Hood never got his questions answered. Two months later, Google filed a complaint in federal court in Mississippi seeking to block the attorney general from enforcing his CID.

Google ultimately pursued its court battle up to the US Court of Appeals for the Fifth Circuit over the course of two years. Google also went public, accusing Hood of taking money and acting as a pawn of the movie industry, an old foe of Google and Silicon Valley.

In a Google public policy blog post, Google’s top lawyer said a trove of internal documents made public in the data breach of Sony Pictures showed that the Motion Picture Association of America had “budgeted $500,000 a year towards providing legal support” for “state prosecutors to take up the fight against [Google].”

Political Target

Missouri’s Hawley gave Google a Jan. 22 deadline to reply to his subpoena. But if Hawley is serious about his investigation, he should look to Hood’s experience and brace himself for an effort by Google, in court or on some other battleground, to avoid or delay replying to the investigation.

If Hawley is elected to the Senate next year, it’s hard to imagine the Missouri probe persisting in a court battle against Google like the one it brought against Hood in Mississippi. But that doesn’t mean Google should be relieved.

Even as a conservative Republican attorney general awaits for a corporate “Goliath” to turn over all the documents it provided to the Federal Trade Commission for the federal antitrust probe that ended in 2013, a politician on the opposite end of the political spectrum is trying to rekindle the same antitrust probe.

In a letter to the FTC  in October, US Representative Keith Ellison, a Minnesota Democrat who is the deputy chair of the Democratic National Committee, requested the same investigative antitrust records. Ellison’s deadline is Nov. 30, less than two weeks away.

“Given the impact Google has on small businesses, the flow of information, and that Google controls an outsize portion of the market for online search and online advertising, the public has a right to know what the FTC found in its investigation into Google,” Ellison wrote in the letter to acting FTC chair Maureen Ohlhausen.

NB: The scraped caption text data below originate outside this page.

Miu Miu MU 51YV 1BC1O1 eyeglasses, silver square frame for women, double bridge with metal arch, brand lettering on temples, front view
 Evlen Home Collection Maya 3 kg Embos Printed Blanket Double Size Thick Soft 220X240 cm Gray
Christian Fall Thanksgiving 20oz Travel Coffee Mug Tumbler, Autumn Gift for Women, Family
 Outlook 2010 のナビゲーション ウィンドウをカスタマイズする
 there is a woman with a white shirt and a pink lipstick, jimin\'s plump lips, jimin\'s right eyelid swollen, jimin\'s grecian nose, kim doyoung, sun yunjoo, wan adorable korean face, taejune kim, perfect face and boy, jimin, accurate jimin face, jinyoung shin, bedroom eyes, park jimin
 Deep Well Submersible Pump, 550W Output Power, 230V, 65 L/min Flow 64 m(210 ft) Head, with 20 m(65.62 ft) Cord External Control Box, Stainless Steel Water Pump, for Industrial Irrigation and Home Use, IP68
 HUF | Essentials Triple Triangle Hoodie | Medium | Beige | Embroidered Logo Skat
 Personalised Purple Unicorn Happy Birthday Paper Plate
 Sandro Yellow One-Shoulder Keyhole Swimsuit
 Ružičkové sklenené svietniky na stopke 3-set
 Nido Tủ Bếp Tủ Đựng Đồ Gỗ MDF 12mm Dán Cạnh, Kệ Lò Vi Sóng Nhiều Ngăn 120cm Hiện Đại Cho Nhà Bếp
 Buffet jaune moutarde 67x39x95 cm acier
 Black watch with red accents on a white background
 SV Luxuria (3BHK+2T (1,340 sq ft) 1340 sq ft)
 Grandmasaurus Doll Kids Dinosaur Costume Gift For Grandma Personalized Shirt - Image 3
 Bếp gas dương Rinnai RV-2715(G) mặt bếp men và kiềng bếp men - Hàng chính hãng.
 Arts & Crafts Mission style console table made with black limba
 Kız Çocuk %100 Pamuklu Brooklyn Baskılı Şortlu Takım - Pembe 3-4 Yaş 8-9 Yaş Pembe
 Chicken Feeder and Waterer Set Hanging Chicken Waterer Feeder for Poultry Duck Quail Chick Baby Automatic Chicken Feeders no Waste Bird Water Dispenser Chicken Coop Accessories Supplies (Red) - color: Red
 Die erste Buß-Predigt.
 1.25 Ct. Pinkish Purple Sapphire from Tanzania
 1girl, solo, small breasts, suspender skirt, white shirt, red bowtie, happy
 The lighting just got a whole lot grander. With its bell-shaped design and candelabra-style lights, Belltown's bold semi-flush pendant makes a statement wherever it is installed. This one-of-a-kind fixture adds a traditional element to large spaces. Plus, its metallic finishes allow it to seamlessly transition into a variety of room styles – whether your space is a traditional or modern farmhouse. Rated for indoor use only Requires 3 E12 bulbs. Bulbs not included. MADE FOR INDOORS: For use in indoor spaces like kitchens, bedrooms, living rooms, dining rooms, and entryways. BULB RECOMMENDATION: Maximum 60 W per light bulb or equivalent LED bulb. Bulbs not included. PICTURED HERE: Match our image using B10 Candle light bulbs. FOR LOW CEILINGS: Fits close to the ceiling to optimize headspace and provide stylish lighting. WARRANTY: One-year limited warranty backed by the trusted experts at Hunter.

The fact that a Red State conservative and a Blue State liberal used similar language to describe Google shows what a plump target the search giant has become for politicians seeking to appeal to voters on both ends of the spectrum.

Even if the specific investigations of Hawley and Ellison don’t go far, that fact hints at the troubled regulatory waters Google and other tech giants may have to navigate in the years ahead.